LESSON X.
Clairvoyance of distant scenes.
Let us now consider the phenomena of the second class of clairvoyance, namely, Clairvoyance in Space.
In space clairvoyance the clairvoyant person senses scenes and events removed in space from the observer—that is to say, scenes and events situated outside of the range of the physical vision of the clairvoyant. In this class also is included certain phenomena in which the clairvoyant vision is able to discern things that may be concealed or obscured by intervening material objects. Some of the many different forms and phases of space clairvoyance are illustrated by the following examples, all taken from the best sources.
Bushnell relates the following well-known case of space clairvoyance: “Capt. Yount, of Napa Valley, California, one midwinter’s night had a dream in which he saw what appeared to be a company of emigrants arrested by the snows of the mountains, and perishing rapidly by cold and hunger. He noted the very cast of the scenery, marked by a huge, perpendicular front of white-rock cliff; he saw the men cutting off what appeared to be tree-tops rising out of deep gulfs of snow; he distinguished the very features of the persons, and their look of peculiar distress. He awoke profoundly impressed by the distinctness and apparent reality of the dream. He at length fell asleep, and dreamed exactly the same dream over again. In the morning he could not expel it from his mind. Falling in shortly after with an old hunter comrade, he told his story, and was only the more deeply impressed by him recognizing without hesitation the scenery of the dream. This comrade came over the Sierra by the Carson Valley Pass, and declared that a spot in the Pass exactly answered his description.
“By this the unsophistical patriarch was decided. He immediately collected a company of men, with mules and blankets and all necessary provisions. The neighbors were laughing meantime at his credulity. ‘No matter,’ he said, ’I am able to do this, and I will, for I verily believe that the fact is according to my dream.’ The men were sent into the mountains one hundred and fifty miles distant, direct to the Carson Valley Pass. And there they found the company exactly in the condition of the dream, and brought in the remnant alive.”

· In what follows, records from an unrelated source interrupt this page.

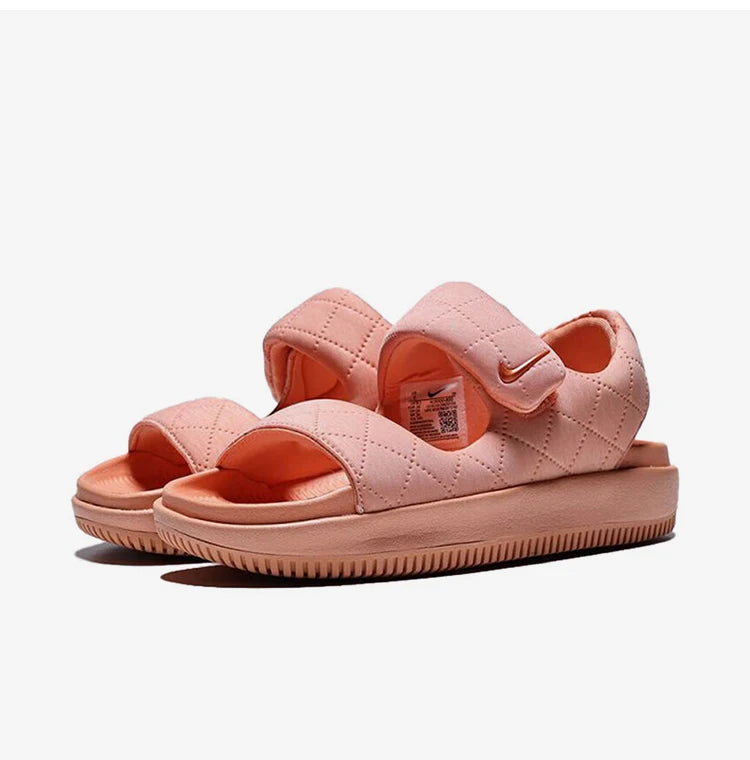 „Nike Authentic Calm“ moteriški patvarūs ir minkšti paplūdimio sandalai HJ9000-800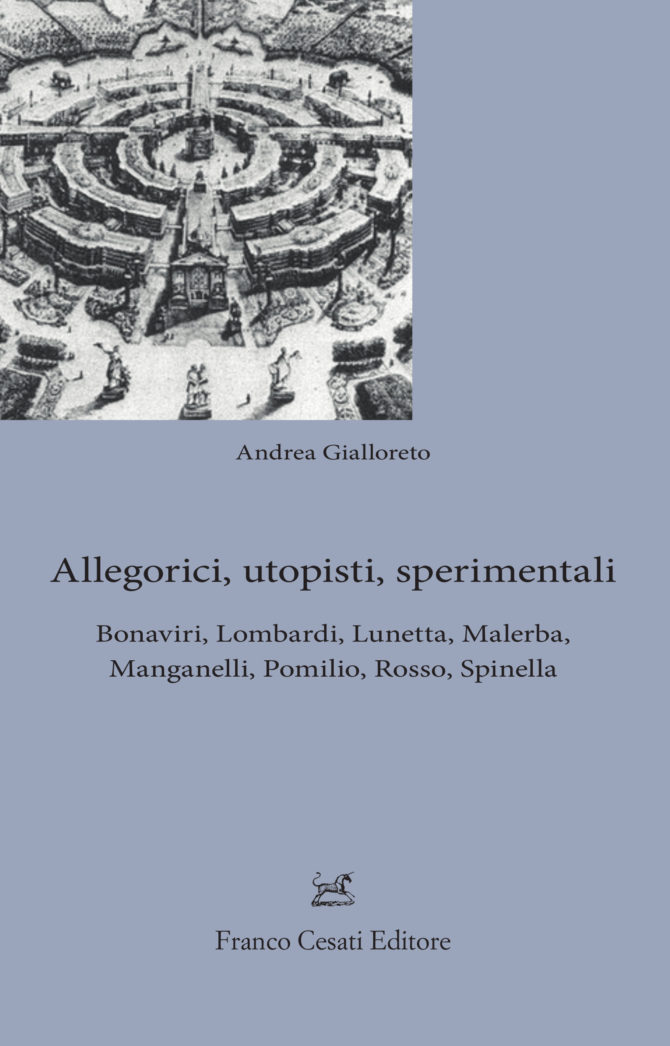 Allegorici, utopisti, sperimentali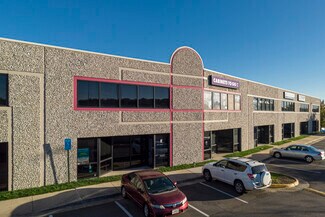 Plus de détails pour 8390 Terminal Rd, Lorton, VA - Local d'activités à louer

In connection with this case, some leading, occultists are of the opinion that the thought-waves from the minds of the distressed lost persons reached Capt. Yount in his sleep, and awakened his subconscious attention. Having natural clairvoyant power, though previously unaware of it, he naturally directed his astral vision to the source of the mental currents, and perceived clairvoyantly the scene described in the story. Not having any acquaintance with any of the lost party, it was only by reason of the mental currents of distress so sent out that his attention was attracted. This is a very interesting case, because several psychic factors are involved in it, as I have just said.